What this task involves: Repeat exactly, and nothing more, the lines from the one that includes "Puede incluir: Un" through the final line of the entries; skip the pictures.

Stored records:
Start of Block

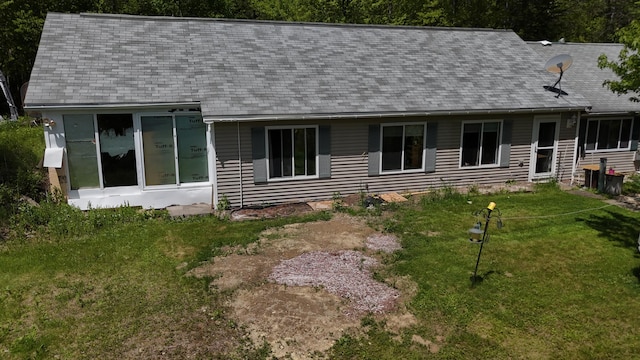422 Cross Rd, Swanville, ME 04915 - rear view of house featuring roof with shingles and a lawn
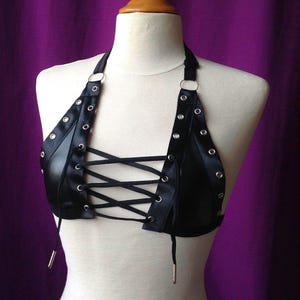 Puede incluir: Un top negro estilo halter con cordones negros cruzados en la parte delantera. La prenda está confeccionada en un material liso y semibrillante, decorada con ojales metálicos de color plateado a lo largo de los tirantes y paneles centrales.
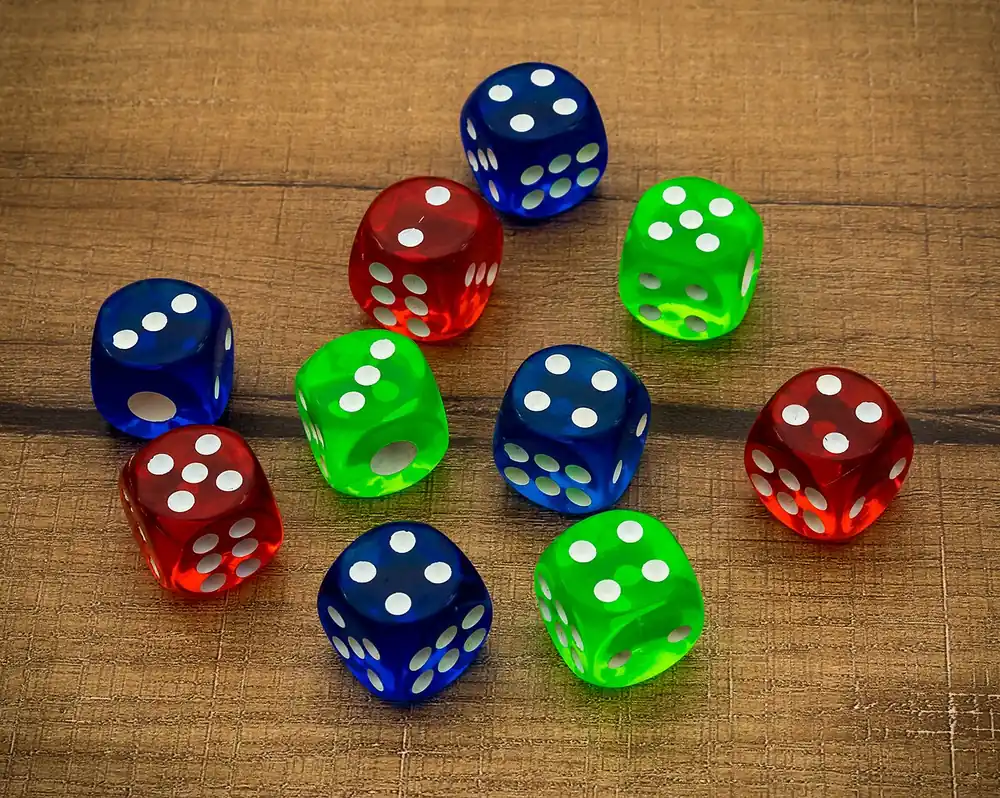 Colorful dice scattered on a white table, a question of whether Clash.gg is legal in the US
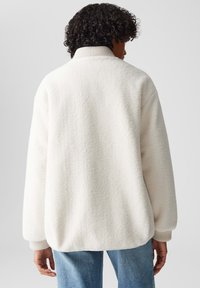 Witte, donzige fleece jas met een hoge kraag, gedropte schouders en ribgebreide manchetten. Zachte textuur, relaxte pasvorm en geen zichtbare sluitingen.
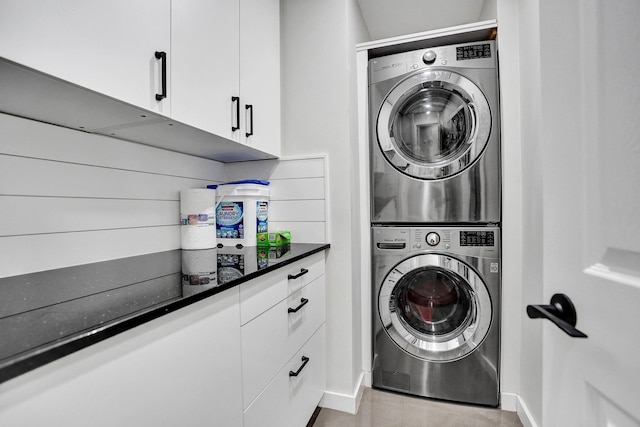 washroom with cabinet space and stacked washer and clothes dryer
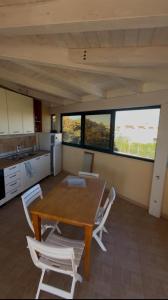 a kitchen with a wooden table and white chairs at Residenze Poseidon in Le Castella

End of Block

Solution for this task:
 Puede incluir: Un top negro estilo halter con cordones negros cruzados en la parte delantera. La prenda está confeccionada en un material liso y semibrillante, decorada con ojales metálicos de color plateado a lo largo de los tirantes y paneles centrales.
 Colorful dice scattered on a white table, a question of whether Clash.gg is legal in the US
 Witte, donzige fleece jas met een hoge kraag, gedropte schouders en ribgebreide manchetten. Zachte textuur, relaxte pasvorm en geen zichtbare sluitingen.
 washroom with cabinet space and stacked washer and clothes dryer
 a kitchen with a wooden table and white chairs at Residenze Poseidon in Le Castella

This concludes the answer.